Download all attachments as: .zip

Change History (12)

Changed 6 years ago by gonzalodelgado

first patch for #9579

comment:1 Changed 6 years ago by gonzalodelgado

  • Has patch set
  • Needs documentation unset
  • Needs tests set
  • Patch needs improvement unset

Attached patch which uses force_unicode on the root path also, to ensure proper work of safe_join. Seems to work.

comment:2 Changed 6 years ago by gonzalodelgado

  • Version changed from 1.0 to SVN

comment:3 Changed 6 years ago by Daniel Pope <dan@…>

  • Patch needs improvement set

TEMPLATE_DIRS is intended to contain absolute paths only. There's still a bug in safe_join but it shouldn't come up if you have absolute paths in TEMPLATE_DIRS.

The output of abspath (actually you should use os.getcwd()) is not in UTF-8. It's the byte string as stored on disk, so to decode it you'd need to do something like

import locale
force_unicode(os.getcwd(), encoding=locale.getpreferredencoding())

This could still raise an exception if the filename wasn't readable in the current locale's character set. That can happen if the current locale's character set isn't the same as that of the application which created the file. It's actually more correct to do path manipulations on byte strings than interpreting them to unicode strings first.

comment:4 follow-up: Changed 6 years ago by kmtracey

  • Owner changed from nobody to kmtracey
  • Status changed from new to assigned
  • Triage Stage changed from Unreviewed to Accepted

gonzalodelgado doesn't have absolute paths in TEMPLATE_DIRS, the problem is if the current working directory contains non-ASCII characters. Patch does have a problem, since force_unicode on curdir is going to assume utf-8 encoding for the curdir string and that's not always correct -- running with the patch on my Windows box with a directory name containing 'ó', for example, crashes with:

Exception Type: DjangoUnicodeDecodeError at /admin/
Exception Value: 'utf8' codec can't decode bytes in position 33-36: invalid data. You passed in 'D:\\u\\kmt\\software\\web\\playgroundC\xf3digo' (<type 'str'>)

I think the right answer is to use os.getcwdu(), which will hopefully know the correct encoding being used by the file system. I'll figure it out.

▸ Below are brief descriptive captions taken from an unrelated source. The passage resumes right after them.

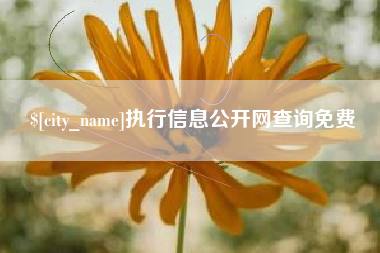 江西执行信息公开网查询免费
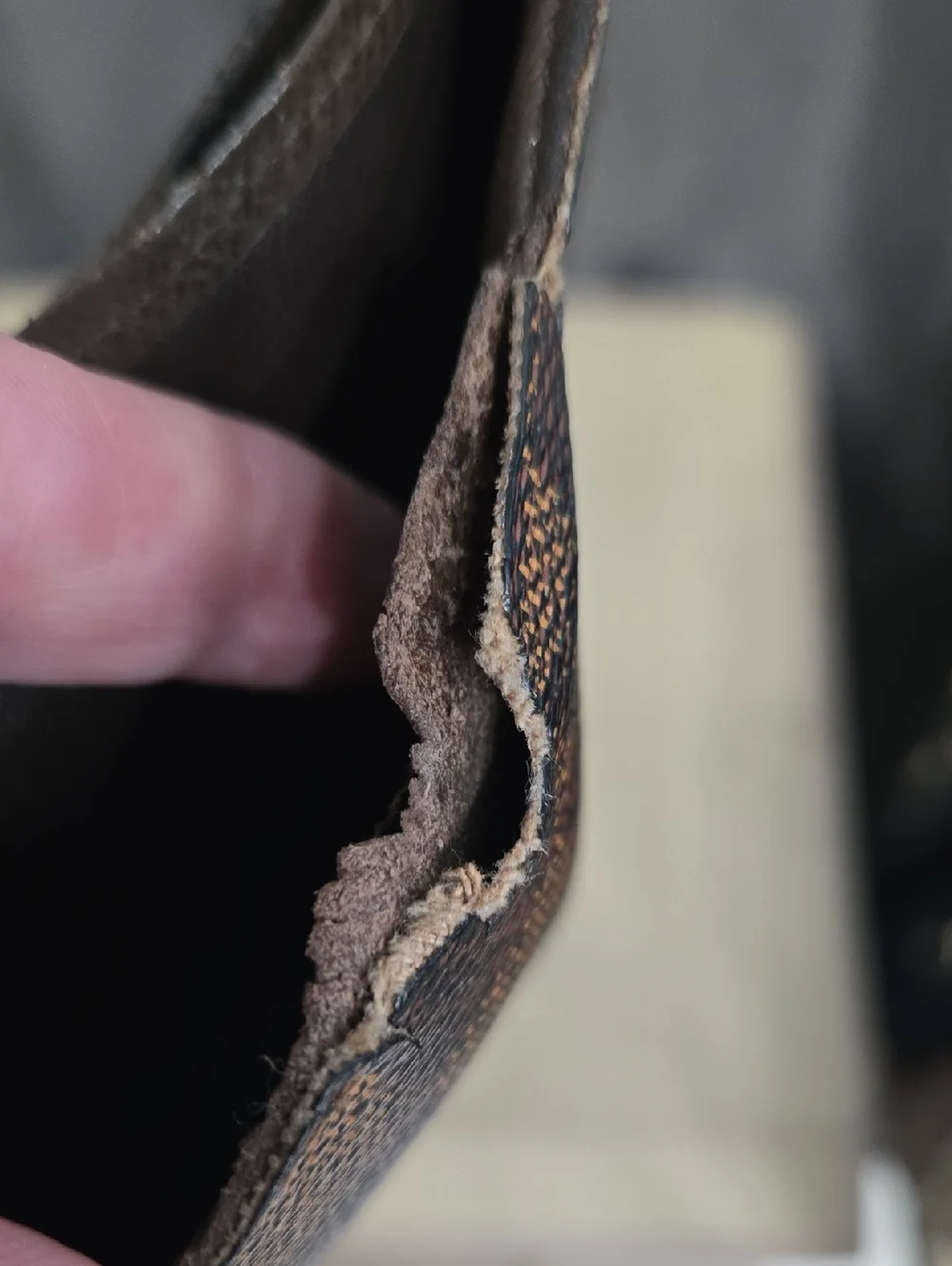 Louis Vuitton authentic louis
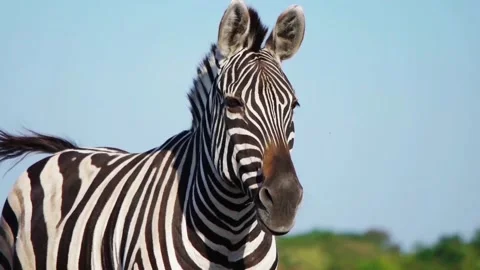 Zebra chewing, slow motion Stock Footage 95537588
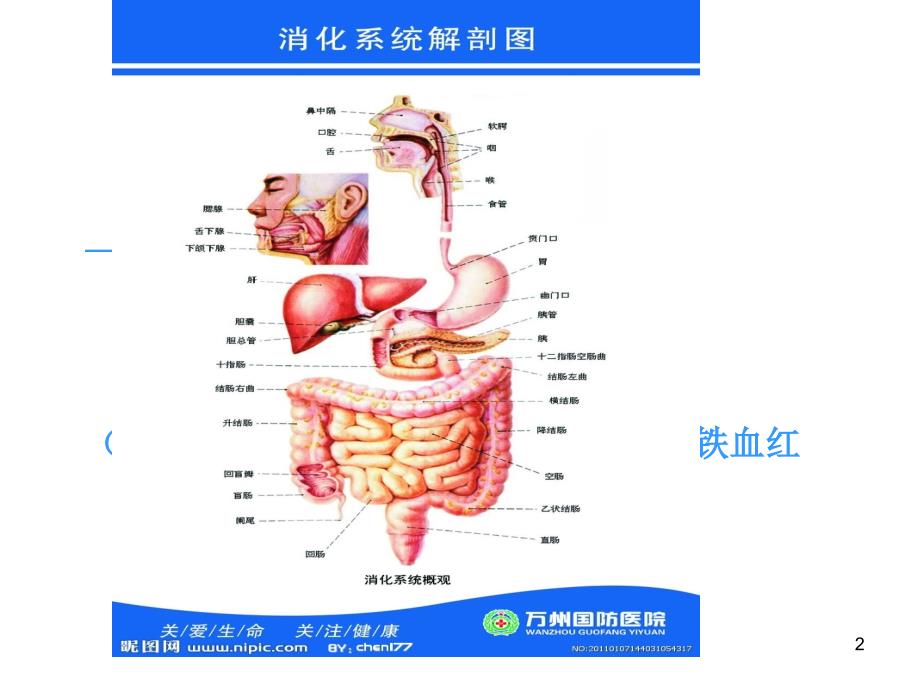 呕血与黑便PPT课件.ppt_第2页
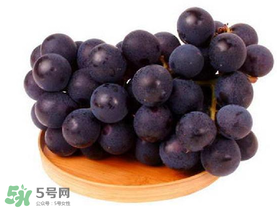 东北巨峰葡萄什么时候成熟,巨峰葡萄什么时候成熟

comment:5 in reply to: ↑ 4 ; follow-up: Changed 6 years ago by kmtracey

Replying to kmtracey:

gonzalodelgado doesn't have absolute paths in TEMPLATE_DIRS

I meant relative there and I think I'm wrong on it anyway since I can't recreate this now except by putting a non-abolute path in TEMPLATE_DIRS. gonzalodelgado, what is your TEMPLATE_DIRS setting? Also the full traceback from when you really hit the error would be useful to make sure I'm actually looking at the same problem as you are hitting.

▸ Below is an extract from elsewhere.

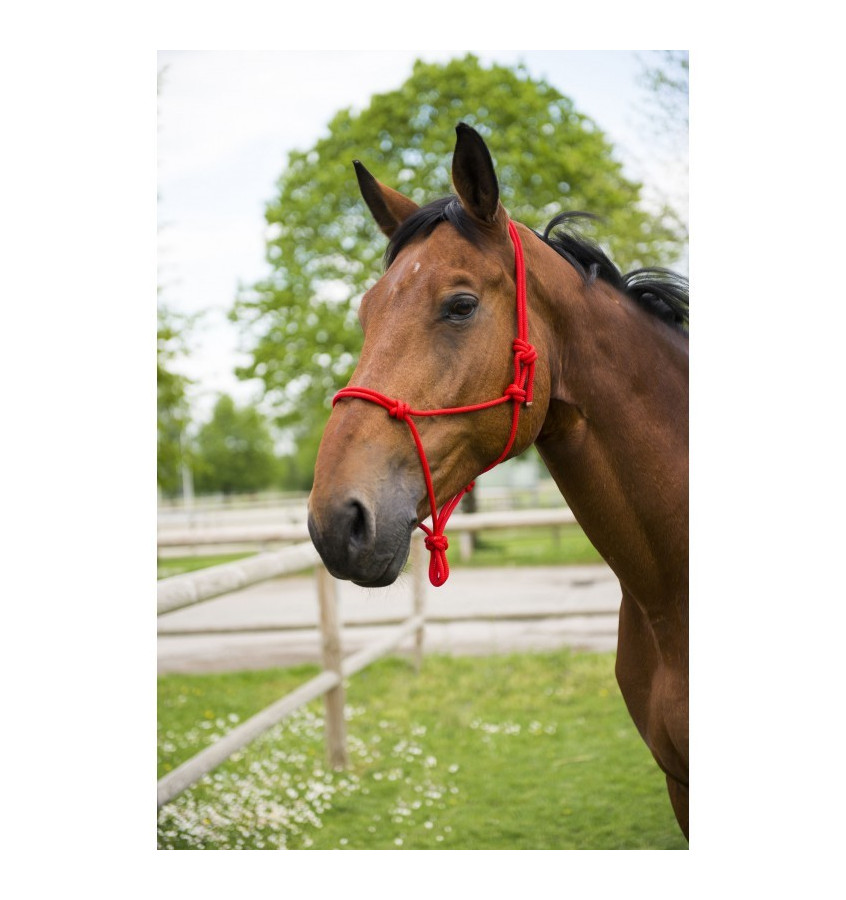 Kantar sznurkowy First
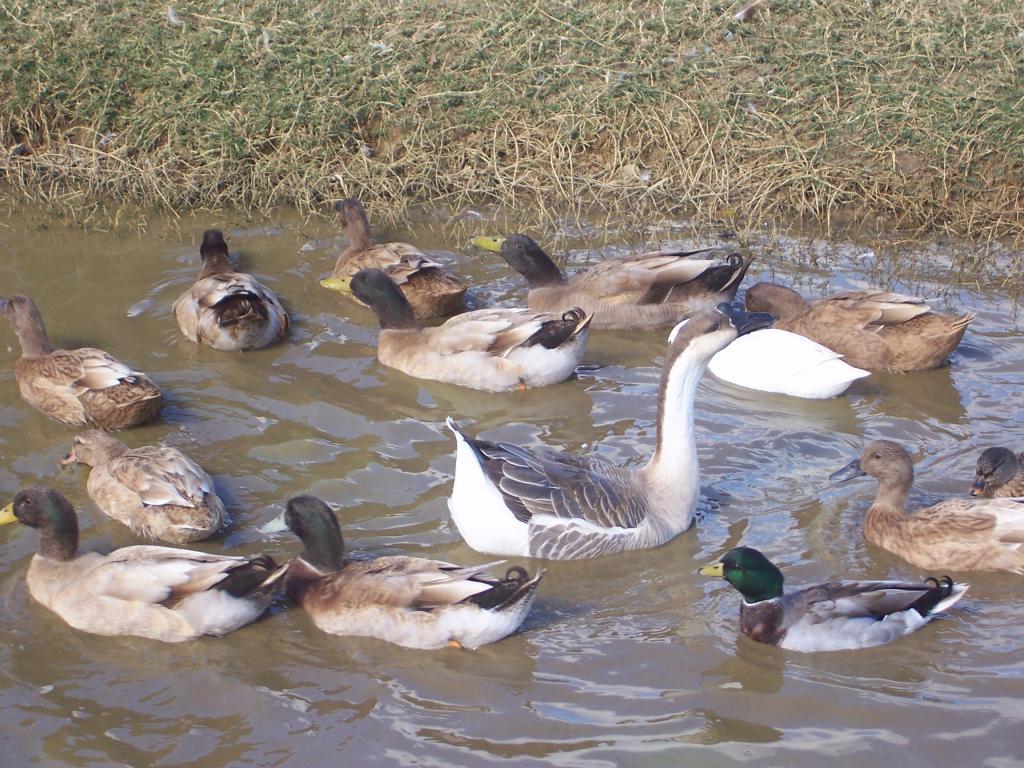 80427_ducks_140.jpg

comment:6 in reply to: ↑ 5 Changed 6 years ago by gonzalodelgado

Replying to kmtracey:

Replying to kmtracey:

gonzalodelgado doesn't have absolute paths in TEMPLATE_DIRS

I meant relative there and I think I'm wrong on it anyway since I can't recreate this now except by putting a non-abolute path in TEMPLATE_DIRS. gonzalodelgado, what is your TEMPLATE_DIRS setting? Also the full traceback from when you really hit the error would be useful to make sure I'm actually looking at the same problem as you are hitting.

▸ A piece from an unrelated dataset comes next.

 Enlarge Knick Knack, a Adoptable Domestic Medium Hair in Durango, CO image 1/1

I do use absolute paths for TEMPLATE_DIRS. Reviewing the original problem's Traceback I find that it doesn't have to do with TEMPLATE_DIRS, because it fails when trying to get an apps' template and that app is also within '/home/Código':

Environment:

Request Method: GET
Request URL: http://localhost:8000/admin/cms/page/
Django Version: 1.1 pre-alpha
Python Version: 2.5.2
Installed Applications:
['django.contrib.contenttypes',
 'django.contrib.sites',
 'django.contrib.auth',
 'django.contrib.sessions',
 'django.contrib.admin',
 'cms',
 'membrete']
Installed Middleware:
('django.middleware.common.CommonMiddleware',
 'django.contrib.sessions.middleware.SessionMiddleware',
 'django.contrib.auth.middleware.AuthenticationMiddleware',
 'django.middleware.locale.LocaleMiddleware',
 'django.middleware.doc.XViewMiddleware')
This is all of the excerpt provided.